The Brisbane Tramway Museum is an Australian transport museum that has preserved a collection of  trams and trolleybuses most of which operated in Brisbane from 1897 until 1969. The museum is located at Ferny Grove.

History
The Brisbane Tramway Museum Society was established in 1968, when it became apparent that the Brisbane City Council was preparing to close Brisbane's tram system. In 1972, a site at Ferny Grove was made available and a museum built, opening in June 1980.

Collection

As at 10 November 2005, the museum has a collection of 25 trams, 24 of which formerly operated on the Brisbane tram network. The 25th tram in the museum's collection ran in Sydney. The museum also has two single-deck Brisbane trolley-buses built on MF2B chassis by Sunbeam of Wolverhampton, England; fleet numbers 1 (of 1951, with a body by Charles Hope of Brisbane) and 34 (of 1960, body by Athol Hedges). These are on static display.

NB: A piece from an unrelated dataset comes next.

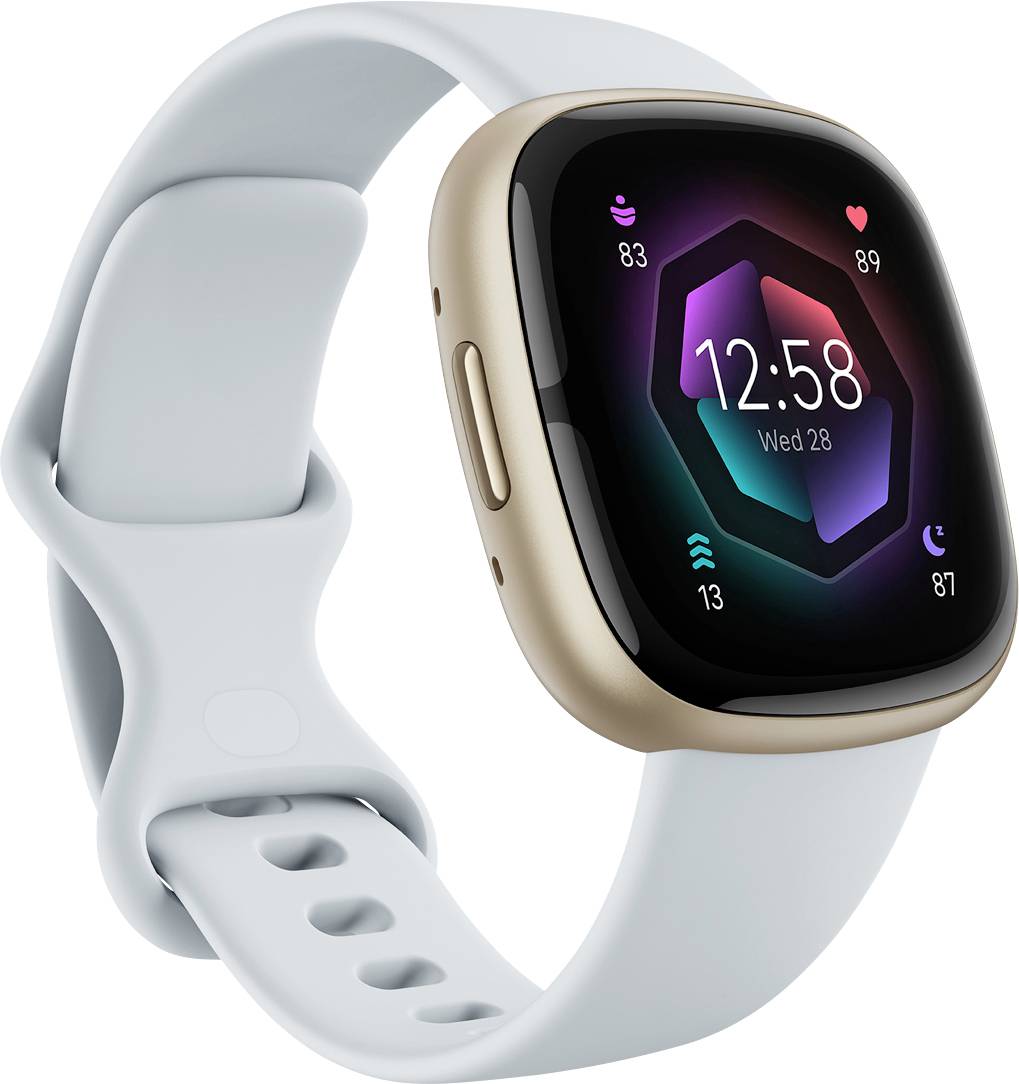 Et smartwatch med et guldhus og hvidt bånd viser helbredsmålinger, herunder hjertefrekvens og antal skridt, med en farverig sekskantede urskive.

A number of trams in the museum's collection are operated on a short length of demonstration track 250 metres in length. The oldest operational tram in the museum's collection is No. 47, a "California Combination" or "Matchbox" tram, built in 1901. The newest tram in the collection is No. 554 a "Four Motor" tram built by the Brisbane City Council after the Paddington tram depot fire, and which entered service in 1964. Other operational trams include a 10 bench "Toastrack" tram No. 65, a small centre-aisle or "Baby Dreadnought" tram No. 99, No. 341, a "Dropcentre" tram and another "Four Motor" tram No. 429. A selection of these trams operate each Sunday afternoon, although operations are curtailed in the event of wet weather.

The museum's collection of support vehicles are all former Brisbane City Council Tramways Department vehicles and include a tower wagon used for repairing overhead wires, and a Scammell breakdown recovery truck which was formerly used as an artillery towing truck in World War II.

The museum houses an extensive photographic collection of Brisbane's tramway and street transport heritage, together with tickets and uniforms worn by staff of the tramway operators, a feature of which were the unusual "Foreign legion" caps (more correctly called kepis) worn by drivers and conductors until 1961 and inspectors until more recently.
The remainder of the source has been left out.